ID5059 Lecture 16 - ROC, AUC, Gain & Lift

C. Donovan
13 April 2018

Administrivia

  • Resolved the compiling problem blighting Weds
    • Briefly cover that - detailed calcs will be on moodle
  • Industrial action: appears to be looming (I have a plan B, TBA, if this eventuates)
  • Some alterations under current 'Plan A':
    • Today we'll do ROC/AUC/Lift & Gain
    • Then Clustering
    • Then CNNs

NB: If it's not in the lecture or lab, it's not in the exam

Today

Evaluating and comparing classifiers

  • Turning predicted probabilities into classes
  • Reciever Operating Characteristic (ROC) curves
    • Relatedly, Area Under the Curve (AUC)
    • Calculating these by hand
  • Lift charts

Comparing classifiers

  • We wish to compare two (binary) classification models,
  • logistic regression, tree, NN, naive Bayes …
  • We need two things
    1. Test/validation data – actual \( \mathbf{y} \in \left\{C_0, C_1\right\} \) for unseen \( \mathbf{X} \)
    2. The predicted probabilities obtained by applying \( M_1 \) and \( M_2 \) to the test set

\[ P(C_1 | \mathbf{X_1}, \mathbf{X_2}, \ldots , \mathbf{X_p}, M_1) \mathrm{~and~} P(C_1 | \mathbf{X_1}, \mathbf{X_2}, \ldots , \mathbf{X_p}, M_2) \]

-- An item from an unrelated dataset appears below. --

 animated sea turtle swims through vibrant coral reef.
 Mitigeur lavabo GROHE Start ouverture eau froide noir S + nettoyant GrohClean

Problem: predicted probs \( \hat{p} \) don't automatically give a class prediction.

Motivating example

Consider a logistic regression:

  • \( \hat{p} \) thresholds for class predictions
  • resulting confusion matrices

An example - comparing classifiers

Since this is a two-class problem

\[ P(C_1) = 1 - P(C_0) \]

and

\[ P(C_1 | \mathbf{X_1}, \mathbf{X_2}, \ldots , \mathbf{X_p}, M_k) = 1 - P(C_0 | \mathbf{X_1}, \mathbf{X_2}, \ldots , \mathbf{X_p}, M_k) \]

We need to define a positive prediction to discuss. Let's say \( C_1 \) is the positive subclass.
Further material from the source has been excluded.